Pada pencarian berikutnya, wilayah penyisiran diperluas dengan melibatkan unsur SAR menuju perairan Nabire Timur. Tim melakukan penyisiran permukaan laut sekaligus menyusuri sejumlah garis pantai yang diperkirakan menjadi lokasi perahu terbawa arus.
Beberapa sektor menjadi sasaran pencarian, yakni Sektor A di sekitar perairan Kampung Napan, Distrik Napan; Sektor B di sekitar perairan Pulau Moor, Distrik Kepulauan Mora; serta Sektor C di sekitar Pulau Babi, Distrik Kepulauan Mora.
Tim kemudian melanjutkan penyisiran menuju wilayah Wapoga. Dari wilayah tersebut, personel bergerak menuju Kampung Hariti, Mambor, dan sejumlah pulau di sekitarnya untuk memperluas sektor pencarian.
“Dalam pelaksanaannya, personel Ditpolairud juga terus berkoordinasi dengan masyarakat di wilayah pesisir. Informasi dari masyarakat menjadi salah satu bagian penting dalam menentukan arah pencarian, terutama dengan mempertimbangkan kondisi arus, angin, dan karakteristik perairan,” jelasnya.
Proses pencarian menghadapi sejumlah kendala. Tim terkendala kabut asap dan udara berkabut yang diduga merupakan dampak kebakaran hutan dan lahan (karhutla) di sejumlah wilayah Kabupaten Nabire.
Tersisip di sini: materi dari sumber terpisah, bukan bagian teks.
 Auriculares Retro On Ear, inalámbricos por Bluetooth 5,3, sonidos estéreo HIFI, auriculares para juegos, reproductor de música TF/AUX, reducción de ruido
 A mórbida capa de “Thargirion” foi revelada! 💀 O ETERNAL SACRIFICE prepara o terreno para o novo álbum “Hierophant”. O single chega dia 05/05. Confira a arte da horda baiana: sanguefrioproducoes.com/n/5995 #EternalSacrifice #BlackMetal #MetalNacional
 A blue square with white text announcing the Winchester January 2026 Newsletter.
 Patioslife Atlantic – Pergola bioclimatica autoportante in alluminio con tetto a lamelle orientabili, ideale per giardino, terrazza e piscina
Kondisi tersebut menyebabkan jarak pandang di laut sangat terbatas, yakni sekitar 300 meter. Situasi ini menyulitkan personel melakukan penyisiran secara visual sekaligus meningkatkan risiko keselamatan dalam pelayaran.
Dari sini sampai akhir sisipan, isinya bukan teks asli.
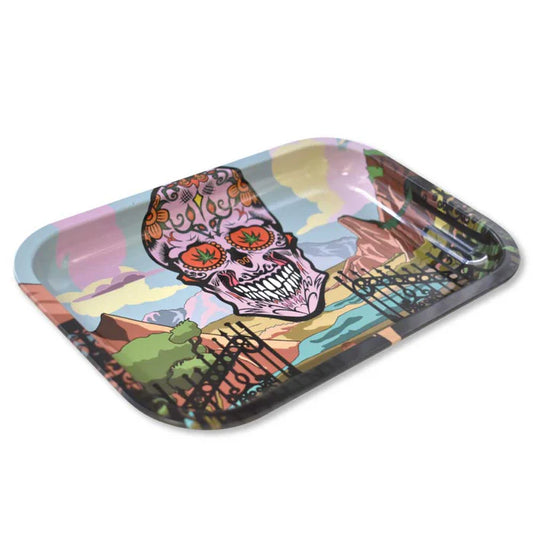 Zooted - Rolling Tray - Skully Planet w/ Magnetic Lid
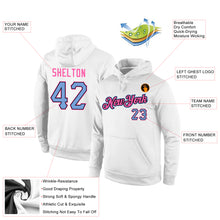 Laden Sie das Bild in den Galerie-Viewer, Custom Stitched White Light Blue-Pink Sports Pullover Sweatshirt Hoodie
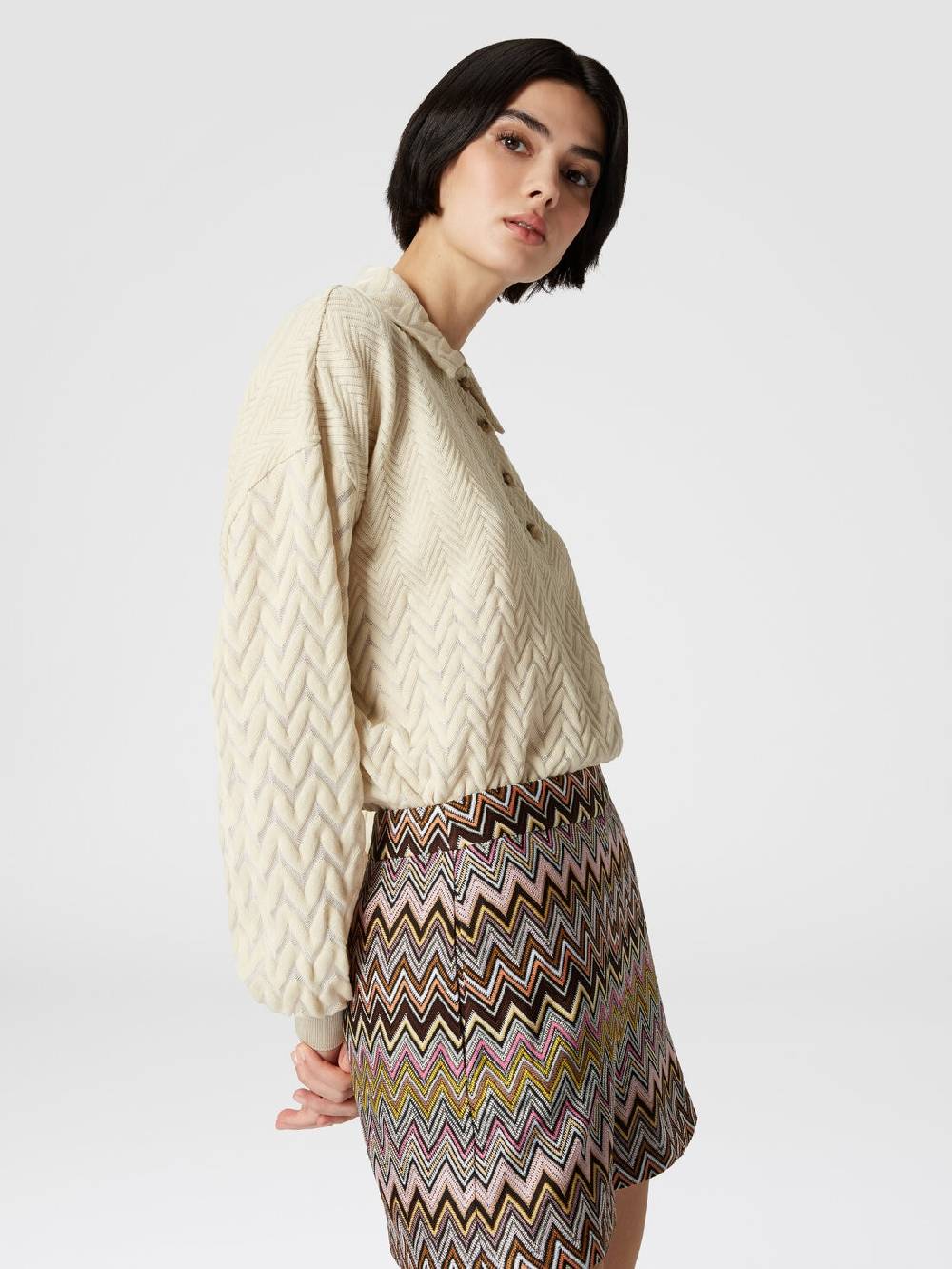 M Missoni Polo a maniche lunghe con chevron tono su tono Sottocosto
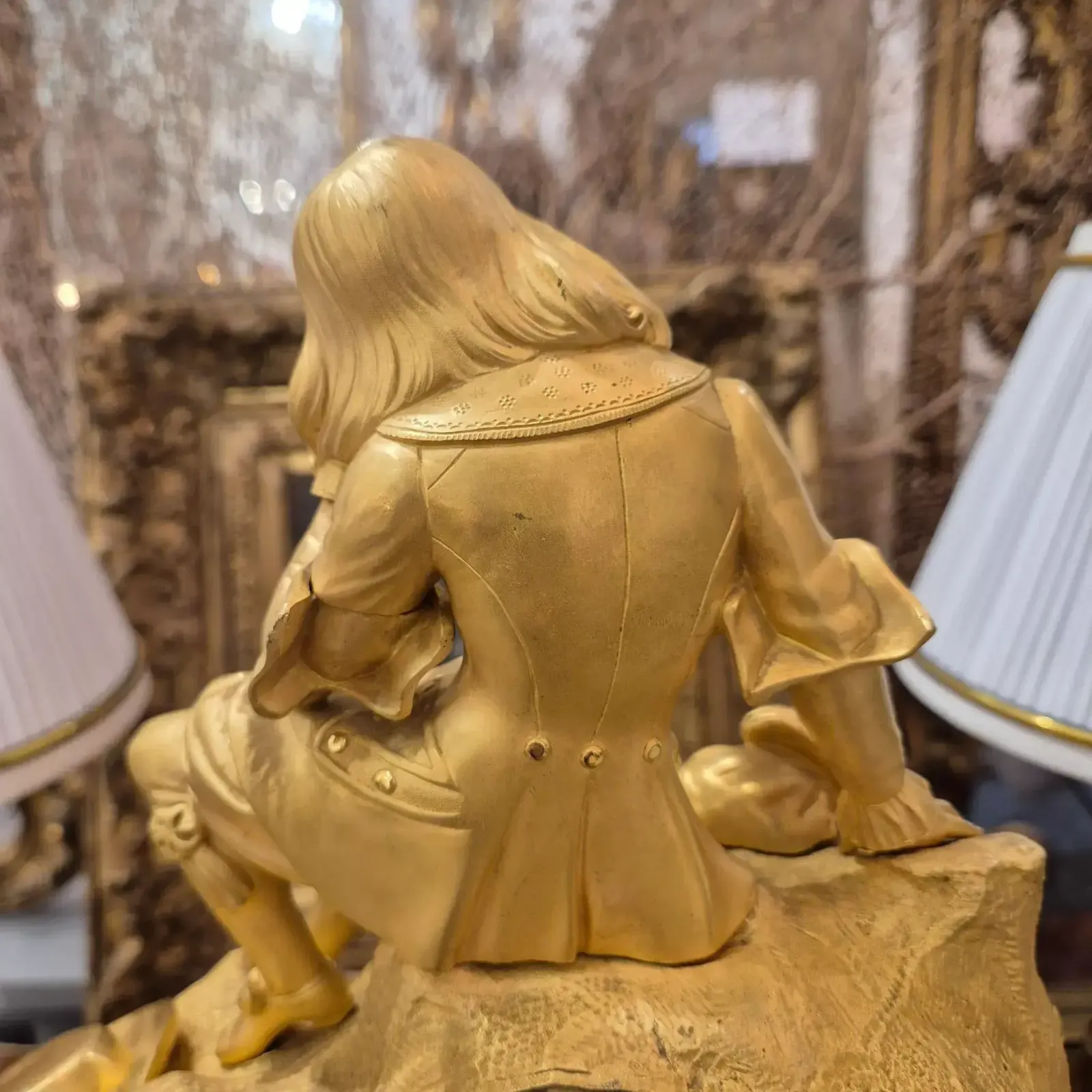 19th Century Charles X Clock With A Statue Of A Romantic Young Nobleman. photo for sale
“Dengan kondisi jarak pandang yang sangat terbatas, pencarian pada hari kedua akhirnya dihentikan sementara sekitar pukul 17.45 WIT dengan tetap mempertimbangkan keselamatan personel,” tuturnya.
Mas Anton menegaskan pencarian terhadap kelima orang tersebut akan terus dilakukan dengan berkoordinasi bersama seluruh unsur terkait dan memperhatikan perkembangan informasi di lapangan.
“Kami berharap ada informasi dari masyarakat maupun pihak lain yang melihat keberadaan perahu tersebut. Setiap informasi akan kami tindak lanjuti. Yang paling penting saat ini adalah keselamatan lima orang yang berada di dalam perahu dan upaya menemukan mereka secepat mungkin,” tegasnya.